RICHARD FREDERICK FULLER was born in Cambridge in 1824 and died in Wayland, Massachusetts, in 1869. He was the youngest of the Fuller children and Margaret, the most distinguished of the family, was the oldest. The children were all born in the Fuller home on Cherry Street in Cambridgeport. It is now used as a Community Centre, and called the Margaret Fuller House―a fitting memorial to one who cared so profoundly for the betterment of the human race.

As we turn the closely written pages, where the ink is now faded and brown, we seem to go with Richard Fuller into the home of Ralph Waldo Emerson, and to take long walks through the Concord woods with Henry Thoreau. We hear once again an echo of the voice of Margaret Fuller, helping and advising her younger brother in his college life. We breathe again that atmosphere of plain living and high thinking which in our modern complex, hurrying life we seem to have lost.

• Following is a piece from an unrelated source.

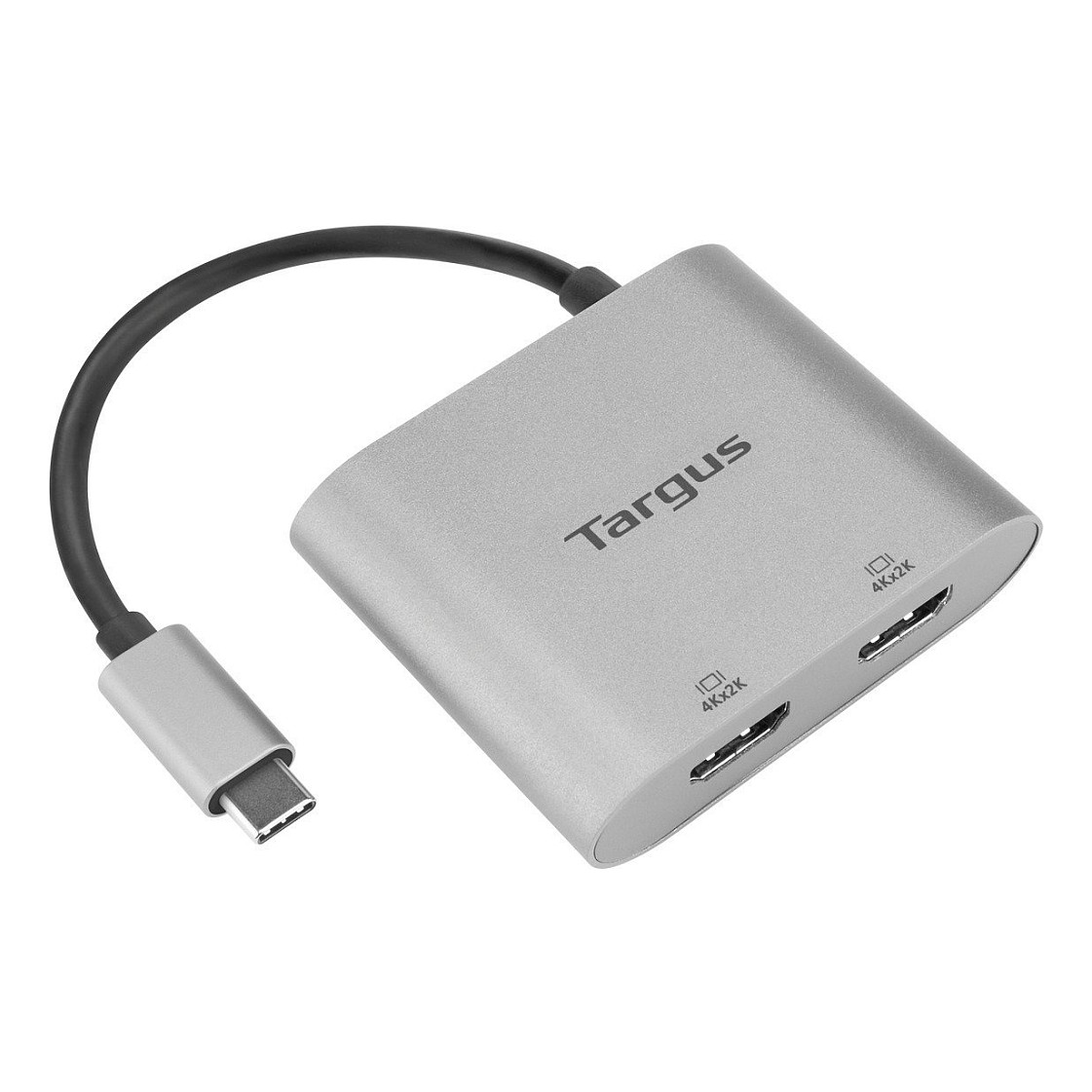 Targus Videoadapter - 24 pin USB-C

It is difficult to know just what to share with others in the old volume. Perhaps, before we open it, you should know that the burden of a large family fell upon Margaret Fuller by the sudden death of her father, Timothy Fuller, at Groton, Massachusetts, in 1835, after a few hours of what was said to be Asiatic cholera. He was a brilliant lawyer and at different times a member of various branches of the State Government of Massachusetts, and from 1817 to 1825 he was a Representative in Congress. After his father’s death, Richard, the youngest of the family, felt that he must give up going to Harvard and business. So, leaving his father’s farm in Groton, he went to work in a store in Boston. Later it was possible for him to go to Harvard, from which he graduated in the class of 1844.

The following extracts from his journal were compiled by his daughter.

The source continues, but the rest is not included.